L’encadrement du niveau des loyers, expérimentation issue de la loi ELAN prolongée par la loi 3DS, arrive à échéance le 25 novembre 2026. Aujourd’hui, une dizaine de territoires appliquent ce dispositif (Paris, Lyon, Aix-Marseille, Pays Basque, Grenoble-Alpes Métropole, entre autres).

Son maintien ou son arrêt après cette date n’est pas tranché. Pour un investisseur qui calcule la rentabilité d’un achat locatif, cette zone grise complique sérieusement la prise de décision. Acheter dans une ville encadrée si le plafond saute dans six mois, ou miser sur une ville non encadrée qui pourrait le devenir : les deux scénarios existent.

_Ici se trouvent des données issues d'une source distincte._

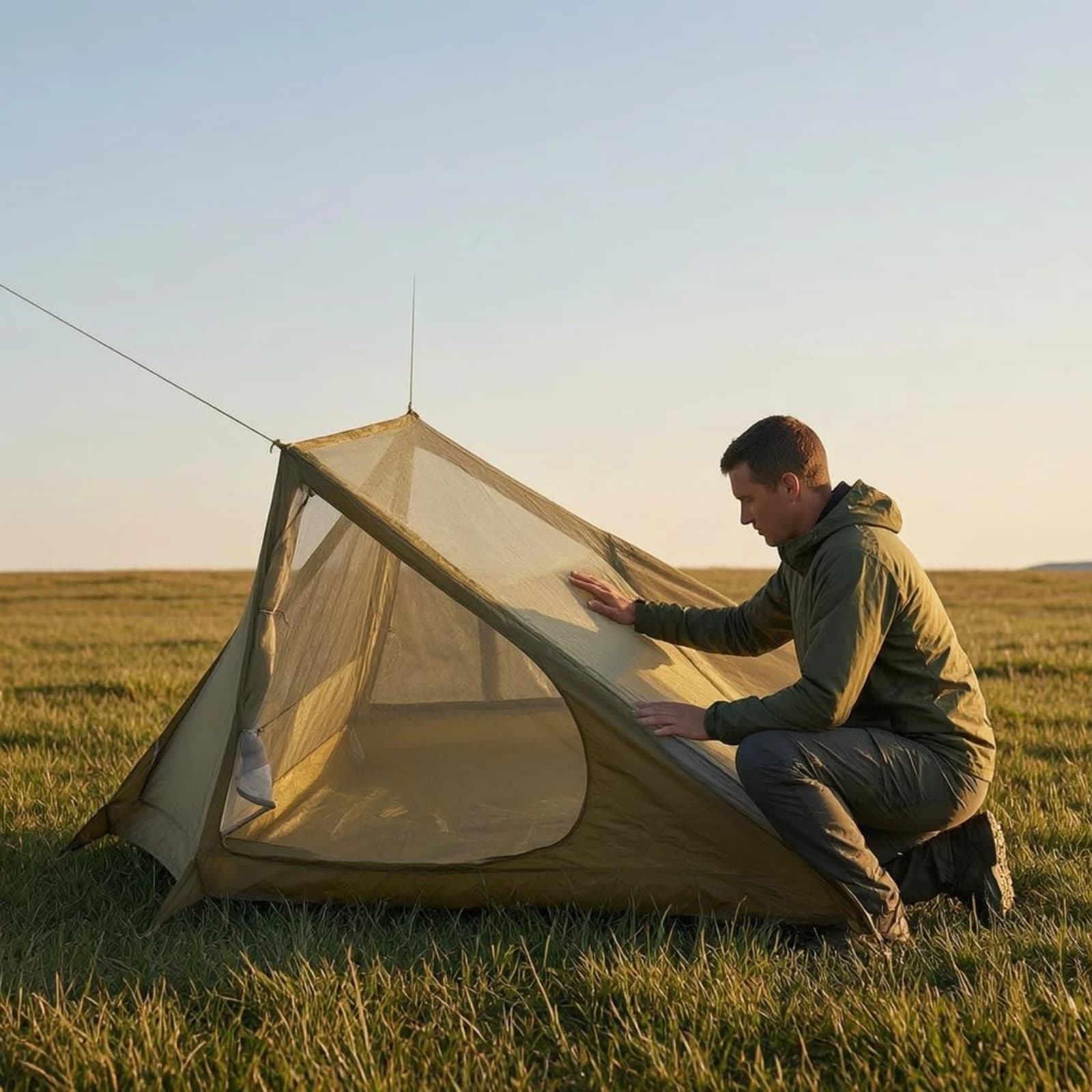 Single-Person Mesh Inner Tent No Poles Triangular Mesh Tent Outdoor Gear Storage Bag Good Ventilation for Camping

  • Vérifier si la commune cible figure sur la liste des territoires ayant adopté l’encadrement avant de signer un compromis
  • Intégrer dans le calcul de rentabilité locative un scénario avec et sans encadrement pour tester la solidité du projet
  • Suivre les débats parlementaires sur la pérennisation du dispositif, qui conditionne toute stratégie locative à moyen terme

Stratégies concrètes pour débloquer un projet immobilier

Attendre que « le marché reparte » n’est pas une stratégie. Plusieurs leviers permettent d’avancer malgré le contexte.

Négocier sur l’ancien avec des arguments techniques

Un bien affiché depuis plus de trois mois sans baisse de prix est un signal. On peut appuyer une offre en dessous du prix demandé avec le DPE (coût estimé des travaux de rénovation), les diagnostics (plomb, amiante, assainissement) ou le rapport de visite technique. Un dossier chiffré de travaux pèse plus qu’une offre basse sans justification.

Cibler les ventes aux enchères immobilières

Les adjudications judiciaires et notariales permettent d’accéder à des biens en dessous des prix de marché, parfois avec une décote significative. Le processus exige une préparation rigoureuse (consignation, visite préalable, analyse du cahier des charges) mais reste un canal sous-utilisé par les particuliers.

  • Les ventes sur saisie immobilière se tiennent au tribunal judiciaire, avec des mises à prix souvent très basses
  • Les enchères notariales, parfois interactives en ligne, concernent des biens de successions ou de collectivités
  • Le coût total inclut les frais d’adjudication, les éventuels travaux et les frais de purge des inscriptions, à budgéter avant d’enchérir

Urbaniste présentant un plan de redressement immobilier lors d'une réunion professionnelle

Adapter le montage financier

Les prêts aidés (PTZ élargi dans le neuf et l’ancien sous conditions, prêts Action Logement) méritent un examen systématique. On constate que beaucoup d’acquéreurs ne vérifient même pas leur éligibilité. Combiner un PTZ avec un prêt classique peut suffire à rendre viable un projet bloqué par le taux d’effort.

La crise actuelle du logement touche simultanément la construction, la location et la transaction. Aucune mesure unique ne la résoudra. Pour ceux qui ont un projet d’achat ou d’investissement, la sortie passe par une lecture précise du marché local, une capacité à négocier sur des bases techniques et une veille active sur les échéances réglementaires, à commencer par celle de novembre 2026 sur l’encadrement des loyers.